Third. The bill allows this company to take possession of land, use it, and acquire a patent thereto before the Indian title is extinguished, and thus violates the good faith of the Government toward the aboriginal tribes.
ANDREW JOHNSON.
WASHINGTON, D.C., July 16, 1866.
To the House of Representatives:
A careful examination of the bill passed by the two Houses of Congress entitled "An act to continue in force and to amend 'An act to establish a bureau for the relief of freedmen and refugees, and for other purposes'" has convinced me that the legislation which it proposes would not be consistent with the welfare of the country, and that it falls clearly within the reasons assigned in my message of the 19th of February last, returning, without my signature, a similar measure which originated in the Senate. It is not my purpose to repeat the objections which I then urged. They are yet fresh in your recollection, and can be readily examined as a part of the records of one branch of the National Legislature. Adhering to the principles set forth in that message, I now reaffirm them and the line of policy therein indicated.

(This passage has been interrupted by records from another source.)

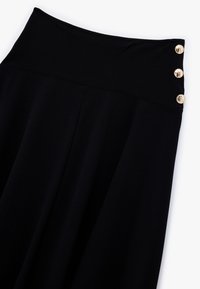 Pantalones de pierna ancha negros con una cinturilla alta que presenta tres botones dorados en un lado. Tejido suave con una textura delicada.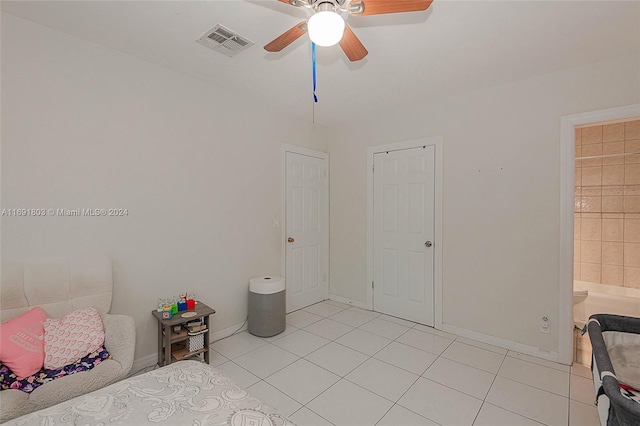 unfurnished bedroom with ceiling fan, connected bathroom, and light tile patterned floors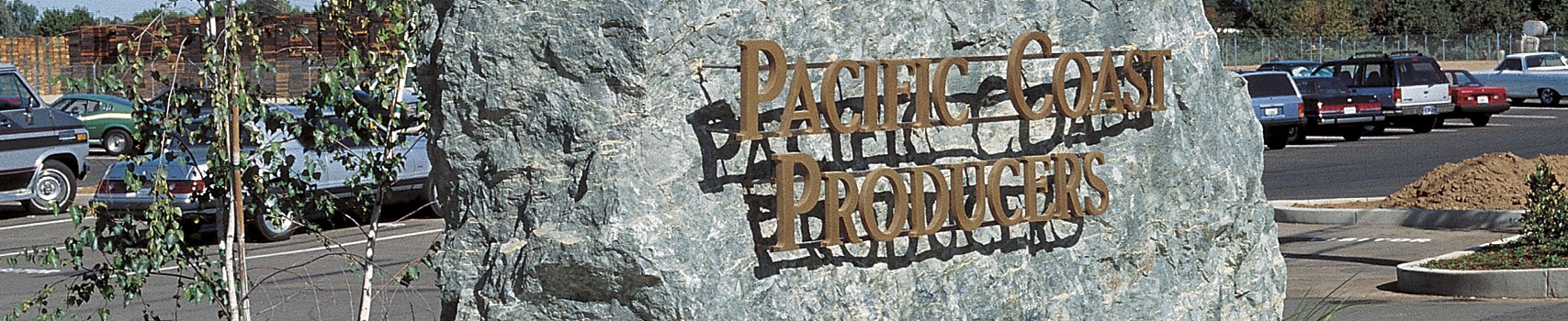 A large stone sign in front of a parking lot near the Pacific Coast Producers corporate office.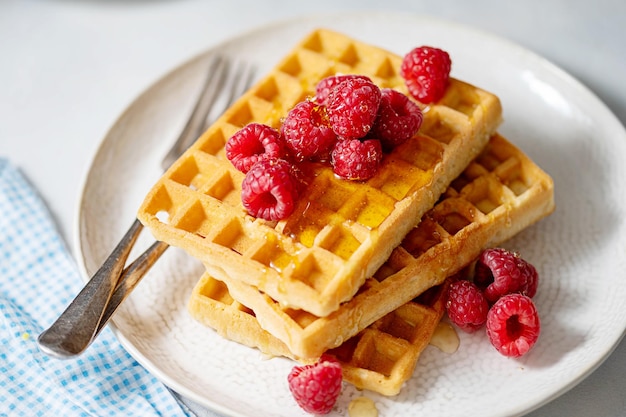 Breakfast waffles with berries in plate served with cup of tea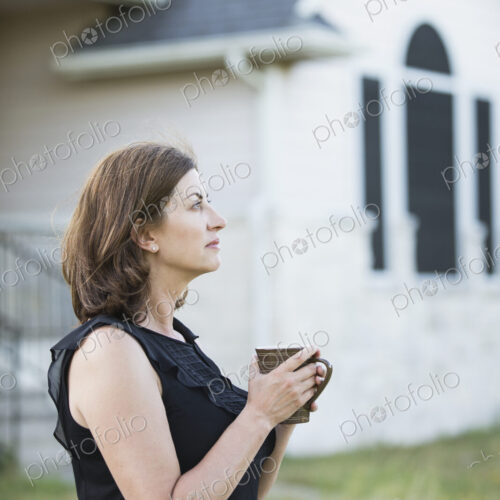 A woman in a sleeveless shirt holding a cup in her hands, standing outside a country… A woman in a sleeveless shirt holding a cup in her hands, standing outside a country…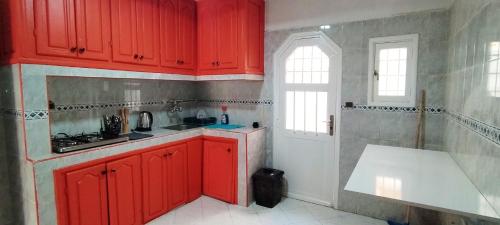 - une cuisine avec des placards rouges et un évier blanc dans l'établissement Villa Jasmine "Serenity Oasis", à Agadir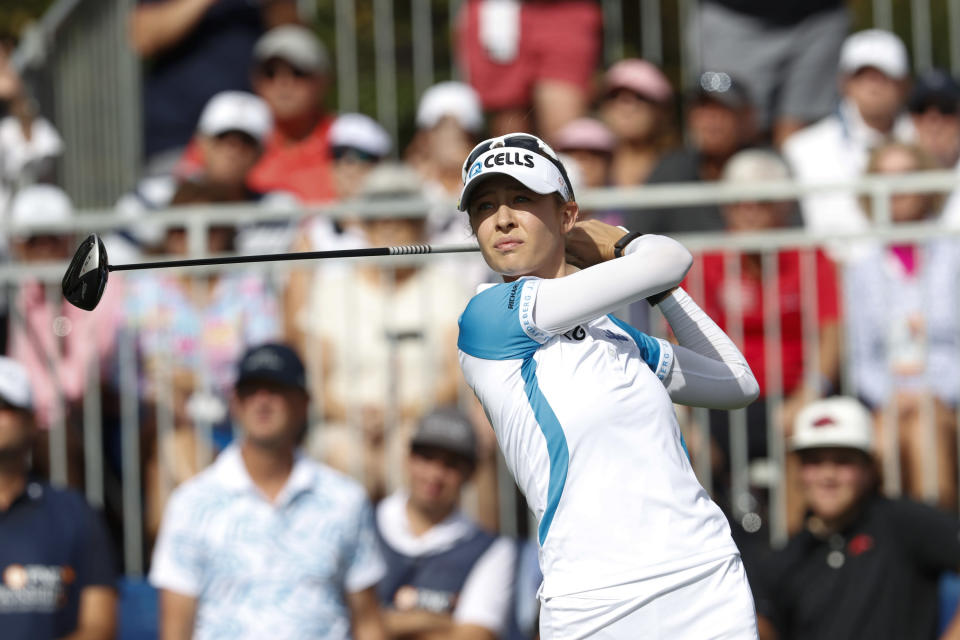 Nelly Korda watches her shot on the first tee during the first round of the PNC Championship golf tournament Saturday, Dec. 18, 2021, in Orlando, Fla. (AP Photo/Scott Audette)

The only ground upon which this kind of legislation can be justified is that of the war-making power. The act of which this bill is intended as amendatory was passed during the existence of the war. By its own provisions it is to terminate within one year from the cessation of hostilities and the declaration of peace. It is therefore yet in existence, and it is likely that it will continue in force as long as the freedmen may require the benefit of its provisions. It will certainly remain in operation as a law until some months subsequent to the meeting of the next session of Congress, when, if experience shall make evident the necessity of additional legislation, the two Houses will have ample time to mature and pass the requisite measures. In the meantime the questions arise, Why should this war measure be continued beyond the period designated in the original act, and why in time of peace should military tribunals be created to continue until each "State shall be fully restored in its constitutional relations to the Government and shall be duly represented in the Congress of the United States"?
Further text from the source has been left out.